Under current district policy, directors receive $200 for each meeting they attend, to a maximum of 10 per month.
“It’s an individual decision whether to take it and it’s allowed by state law,” said Menshek. “But as we are raising rates, we should all look inward and see how we can help, from the top director to the newest employee. That’s part of the reason I don’t take it.”

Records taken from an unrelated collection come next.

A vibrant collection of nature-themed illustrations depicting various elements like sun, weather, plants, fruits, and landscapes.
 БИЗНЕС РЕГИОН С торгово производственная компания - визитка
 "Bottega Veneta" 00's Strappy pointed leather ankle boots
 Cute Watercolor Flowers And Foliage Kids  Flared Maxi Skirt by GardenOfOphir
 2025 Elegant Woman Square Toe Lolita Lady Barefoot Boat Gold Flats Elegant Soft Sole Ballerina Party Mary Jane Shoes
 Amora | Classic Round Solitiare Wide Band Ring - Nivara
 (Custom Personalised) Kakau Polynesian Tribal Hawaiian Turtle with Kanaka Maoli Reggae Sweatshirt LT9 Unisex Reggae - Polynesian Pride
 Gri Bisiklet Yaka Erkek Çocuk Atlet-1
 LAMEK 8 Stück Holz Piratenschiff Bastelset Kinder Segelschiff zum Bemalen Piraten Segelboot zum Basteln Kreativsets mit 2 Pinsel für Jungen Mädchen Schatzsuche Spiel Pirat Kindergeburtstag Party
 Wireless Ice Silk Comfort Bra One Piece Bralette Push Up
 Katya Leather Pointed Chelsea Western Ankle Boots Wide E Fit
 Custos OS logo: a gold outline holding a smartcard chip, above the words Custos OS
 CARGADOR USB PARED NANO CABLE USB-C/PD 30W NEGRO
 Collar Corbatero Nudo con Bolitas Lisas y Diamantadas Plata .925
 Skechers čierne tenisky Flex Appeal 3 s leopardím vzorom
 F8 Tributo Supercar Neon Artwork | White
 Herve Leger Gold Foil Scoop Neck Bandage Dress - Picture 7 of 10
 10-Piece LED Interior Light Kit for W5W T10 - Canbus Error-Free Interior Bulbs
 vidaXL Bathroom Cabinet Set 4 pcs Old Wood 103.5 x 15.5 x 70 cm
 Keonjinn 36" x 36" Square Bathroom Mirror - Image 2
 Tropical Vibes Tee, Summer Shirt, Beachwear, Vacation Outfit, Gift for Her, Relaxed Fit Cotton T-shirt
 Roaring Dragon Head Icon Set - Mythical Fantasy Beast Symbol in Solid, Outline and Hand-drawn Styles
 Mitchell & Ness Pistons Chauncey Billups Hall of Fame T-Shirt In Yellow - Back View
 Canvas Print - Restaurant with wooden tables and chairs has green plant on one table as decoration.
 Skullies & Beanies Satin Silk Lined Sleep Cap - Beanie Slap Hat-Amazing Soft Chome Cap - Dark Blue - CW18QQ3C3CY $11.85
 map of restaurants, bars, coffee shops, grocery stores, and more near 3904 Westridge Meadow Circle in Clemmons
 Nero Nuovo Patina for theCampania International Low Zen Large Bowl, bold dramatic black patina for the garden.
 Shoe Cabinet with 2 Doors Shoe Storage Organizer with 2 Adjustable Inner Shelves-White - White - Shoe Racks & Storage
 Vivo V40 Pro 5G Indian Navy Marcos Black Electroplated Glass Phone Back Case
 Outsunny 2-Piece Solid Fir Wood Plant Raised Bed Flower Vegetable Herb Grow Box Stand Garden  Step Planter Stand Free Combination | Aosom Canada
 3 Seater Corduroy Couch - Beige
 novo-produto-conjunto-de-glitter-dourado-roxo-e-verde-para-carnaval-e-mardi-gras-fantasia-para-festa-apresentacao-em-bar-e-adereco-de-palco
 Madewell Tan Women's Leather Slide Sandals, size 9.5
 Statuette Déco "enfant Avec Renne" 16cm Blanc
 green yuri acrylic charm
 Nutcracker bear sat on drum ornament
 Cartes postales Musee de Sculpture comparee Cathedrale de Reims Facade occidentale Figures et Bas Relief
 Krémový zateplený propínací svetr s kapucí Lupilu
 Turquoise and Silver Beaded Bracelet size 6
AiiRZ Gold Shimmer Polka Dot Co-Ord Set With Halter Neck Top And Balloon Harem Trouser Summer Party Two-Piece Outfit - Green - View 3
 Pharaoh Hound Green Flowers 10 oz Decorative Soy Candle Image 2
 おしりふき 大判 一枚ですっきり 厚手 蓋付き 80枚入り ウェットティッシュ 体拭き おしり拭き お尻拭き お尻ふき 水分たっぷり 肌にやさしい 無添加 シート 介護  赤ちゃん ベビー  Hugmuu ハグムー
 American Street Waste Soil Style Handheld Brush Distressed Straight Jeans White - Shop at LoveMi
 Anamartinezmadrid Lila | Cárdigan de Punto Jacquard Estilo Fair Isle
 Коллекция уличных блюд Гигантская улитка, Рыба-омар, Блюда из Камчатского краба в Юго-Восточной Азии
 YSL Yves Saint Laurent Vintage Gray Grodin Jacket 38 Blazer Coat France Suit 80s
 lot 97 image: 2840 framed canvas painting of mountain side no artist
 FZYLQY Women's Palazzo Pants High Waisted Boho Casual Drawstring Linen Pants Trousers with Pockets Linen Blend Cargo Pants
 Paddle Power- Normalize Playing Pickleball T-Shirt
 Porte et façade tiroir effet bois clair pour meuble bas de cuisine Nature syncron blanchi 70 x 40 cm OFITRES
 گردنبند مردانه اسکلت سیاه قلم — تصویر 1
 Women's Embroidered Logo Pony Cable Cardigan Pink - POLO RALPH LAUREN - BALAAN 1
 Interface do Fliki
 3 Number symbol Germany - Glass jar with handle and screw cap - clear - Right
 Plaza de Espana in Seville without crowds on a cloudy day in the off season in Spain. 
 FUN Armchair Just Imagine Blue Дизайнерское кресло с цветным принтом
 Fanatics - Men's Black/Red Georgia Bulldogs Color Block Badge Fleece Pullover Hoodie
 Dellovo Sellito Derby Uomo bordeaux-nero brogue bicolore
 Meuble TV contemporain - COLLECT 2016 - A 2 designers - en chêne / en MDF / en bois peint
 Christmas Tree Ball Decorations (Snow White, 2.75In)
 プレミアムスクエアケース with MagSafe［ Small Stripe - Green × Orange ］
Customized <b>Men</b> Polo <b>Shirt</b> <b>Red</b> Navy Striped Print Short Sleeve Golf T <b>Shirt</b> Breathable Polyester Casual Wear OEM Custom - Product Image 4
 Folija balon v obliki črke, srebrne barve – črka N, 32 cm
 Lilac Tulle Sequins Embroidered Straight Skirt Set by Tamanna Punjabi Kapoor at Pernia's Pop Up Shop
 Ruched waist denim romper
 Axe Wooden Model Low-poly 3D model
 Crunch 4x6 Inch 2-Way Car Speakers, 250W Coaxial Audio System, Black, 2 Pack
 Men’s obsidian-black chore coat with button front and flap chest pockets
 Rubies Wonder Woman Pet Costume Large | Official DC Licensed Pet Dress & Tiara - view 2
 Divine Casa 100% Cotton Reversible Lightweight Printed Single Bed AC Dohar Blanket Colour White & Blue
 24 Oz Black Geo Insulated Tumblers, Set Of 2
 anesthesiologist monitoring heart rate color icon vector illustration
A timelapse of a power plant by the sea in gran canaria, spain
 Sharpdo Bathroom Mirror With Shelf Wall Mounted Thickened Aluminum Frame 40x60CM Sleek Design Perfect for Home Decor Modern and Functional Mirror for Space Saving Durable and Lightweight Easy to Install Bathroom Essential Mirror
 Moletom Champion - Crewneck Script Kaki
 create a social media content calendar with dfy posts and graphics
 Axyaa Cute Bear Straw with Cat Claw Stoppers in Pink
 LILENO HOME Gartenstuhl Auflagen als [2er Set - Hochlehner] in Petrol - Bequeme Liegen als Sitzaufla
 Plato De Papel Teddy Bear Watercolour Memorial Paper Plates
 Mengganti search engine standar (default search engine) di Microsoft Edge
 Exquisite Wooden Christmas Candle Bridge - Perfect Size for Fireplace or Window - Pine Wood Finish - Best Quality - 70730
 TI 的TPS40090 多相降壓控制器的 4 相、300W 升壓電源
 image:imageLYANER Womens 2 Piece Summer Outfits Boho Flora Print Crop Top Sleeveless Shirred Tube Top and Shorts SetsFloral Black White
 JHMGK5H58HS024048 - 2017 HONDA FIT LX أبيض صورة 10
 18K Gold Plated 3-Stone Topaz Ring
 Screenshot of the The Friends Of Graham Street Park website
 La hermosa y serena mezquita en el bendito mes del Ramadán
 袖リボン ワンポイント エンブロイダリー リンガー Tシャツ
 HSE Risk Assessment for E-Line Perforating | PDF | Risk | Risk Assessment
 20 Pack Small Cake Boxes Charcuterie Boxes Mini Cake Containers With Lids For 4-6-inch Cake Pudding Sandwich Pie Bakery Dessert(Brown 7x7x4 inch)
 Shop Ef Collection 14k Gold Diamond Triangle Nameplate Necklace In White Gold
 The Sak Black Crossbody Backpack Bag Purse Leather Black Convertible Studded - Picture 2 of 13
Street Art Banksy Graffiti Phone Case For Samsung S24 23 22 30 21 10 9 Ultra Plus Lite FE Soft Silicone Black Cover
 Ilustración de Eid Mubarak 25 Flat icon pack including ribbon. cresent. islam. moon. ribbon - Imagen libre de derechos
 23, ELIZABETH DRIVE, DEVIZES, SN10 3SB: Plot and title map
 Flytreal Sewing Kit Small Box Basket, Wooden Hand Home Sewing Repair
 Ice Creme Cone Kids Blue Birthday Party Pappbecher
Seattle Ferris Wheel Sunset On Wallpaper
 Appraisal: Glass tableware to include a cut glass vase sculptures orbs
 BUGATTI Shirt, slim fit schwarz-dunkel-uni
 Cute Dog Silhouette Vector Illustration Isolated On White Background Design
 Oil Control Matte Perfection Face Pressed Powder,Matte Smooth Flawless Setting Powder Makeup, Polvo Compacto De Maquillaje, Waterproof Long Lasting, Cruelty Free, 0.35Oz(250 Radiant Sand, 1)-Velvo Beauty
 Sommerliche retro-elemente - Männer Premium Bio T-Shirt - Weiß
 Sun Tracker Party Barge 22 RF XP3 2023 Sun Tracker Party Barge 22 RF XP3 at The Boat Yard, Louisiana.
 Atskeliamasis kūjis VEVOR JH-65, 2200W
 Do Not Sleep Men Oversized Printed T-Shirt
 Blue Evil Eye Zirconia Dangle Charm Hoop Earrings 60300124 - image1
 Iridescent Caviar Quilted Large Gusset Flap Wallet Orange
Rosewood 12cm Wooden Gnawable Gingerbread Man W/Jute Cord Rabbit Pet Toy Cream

In December, the board approved a maximum of 36 percent in water rate increases over the next three years. Rates went up 12 percent in February, and as part of planning for next year’s budget, directors have approved a 6 percent increase that will take effect next January, although that amount could be adjusted.
Menshek said he can understand the public’s concern over director compensation and medical benefits during tight budget times, but that the total is a relatively small portion of the district’s budget, like “a cut to the tip of your finger when the femoral artery is bleeding.”
Menshek said the most critical financial issue facing the district is the cost of employee retirement benefits. The board has directed management to request employees to negotiate a second tier of reduced retirement benefits for new hires. Because the district is currently in the midst of a two-year contract with its employees, any change in benefits, even for future employees, would have to be negotiated with workers.
The timing is important, said Menshek, because about one fourth of the district’s 43 employees will become eligible for retirement during the life of the current labor agreement.
“It’s a wonderful opportunity to mitigate some of these retirement costs,” Menshek said.
If employees do not agree to the reduced retirement benefits for new hires, Menshek said, he would oppose hiring any new workers until a new labor agreement is in place.